[About this exercise] Please set down only the lines below starting with the line with "Guest House Chobaka" and going on through the line with "Taruna dan Taruni", verbatim and without pictures.

[Record set]
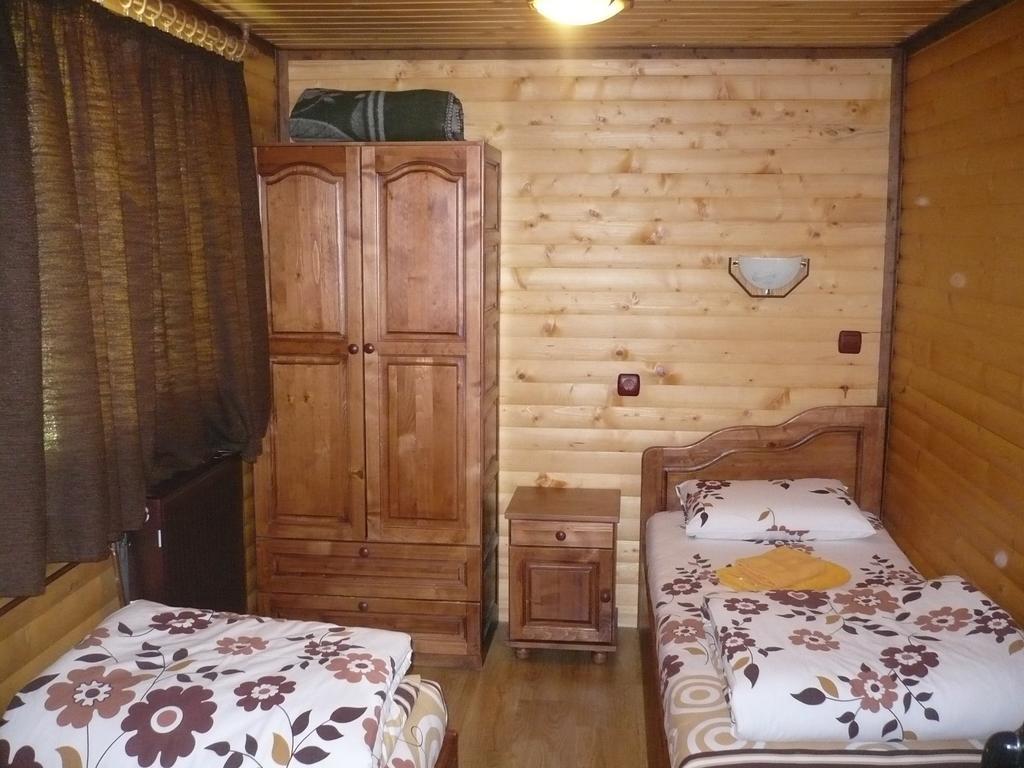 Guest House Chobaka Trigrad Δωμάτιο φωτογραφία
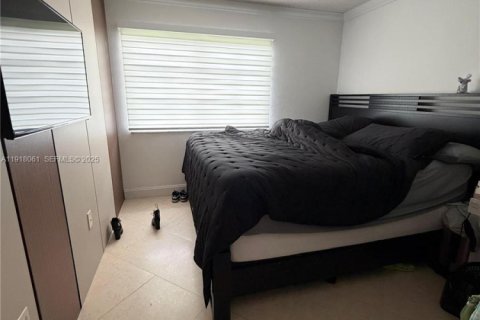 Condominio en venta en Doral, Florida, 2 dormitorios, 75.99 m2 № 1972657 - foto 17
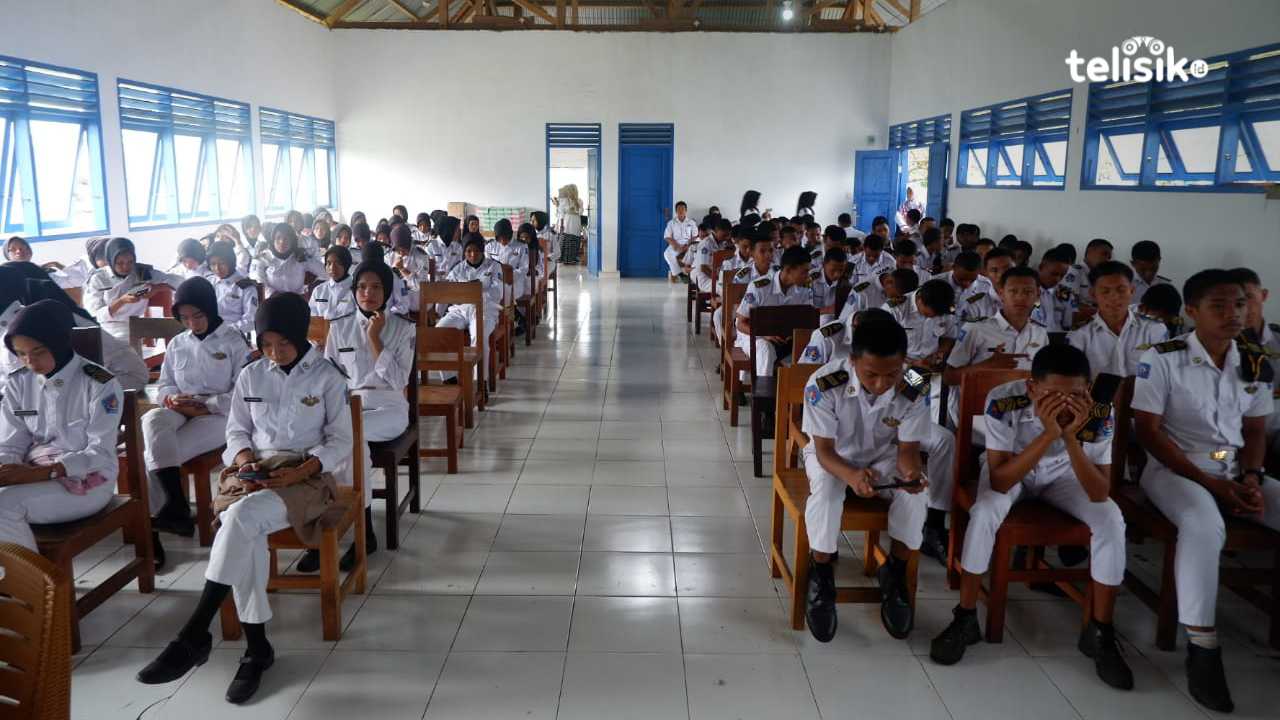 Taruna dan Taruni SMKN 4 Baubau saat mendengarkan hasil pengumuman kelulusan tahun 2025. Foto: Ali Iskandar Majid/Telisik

==

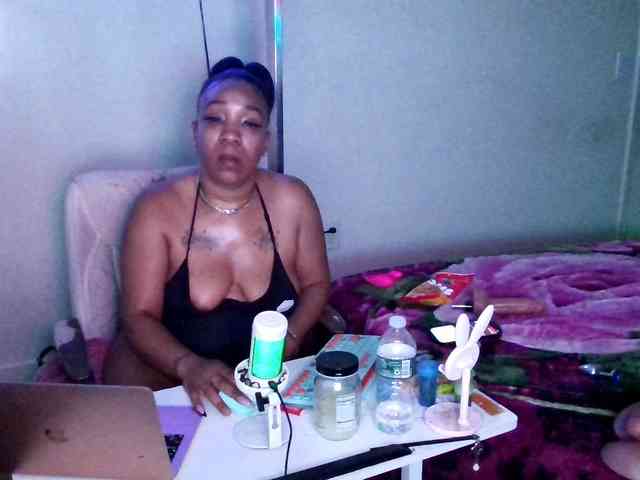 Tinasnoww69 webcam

==

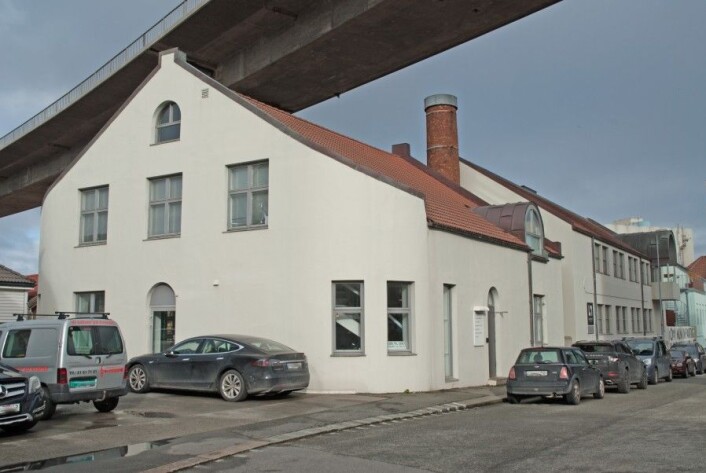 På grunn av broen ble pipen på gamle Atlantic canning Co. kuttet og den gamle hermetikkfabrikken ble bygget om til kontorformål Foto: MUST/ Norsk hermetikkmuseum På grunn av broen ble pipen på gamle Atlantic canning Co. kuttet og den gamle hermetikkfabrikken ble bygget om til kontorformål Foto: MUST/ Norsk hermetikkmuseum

[Task output]
 Guest House Chobaka Trigrad Δωμάτιο φωτογραφία
 Condominio en venta en Doral, Florida, 2 dormitorios, 75.99 m2 № 1972657 - foto 17
 Taruna dan Taruni SMKN 4 Baubau saat mendengarkan hasil pengumuman kelulusan tahun 2025. Foto: Ali Iskandar Majid/Telisik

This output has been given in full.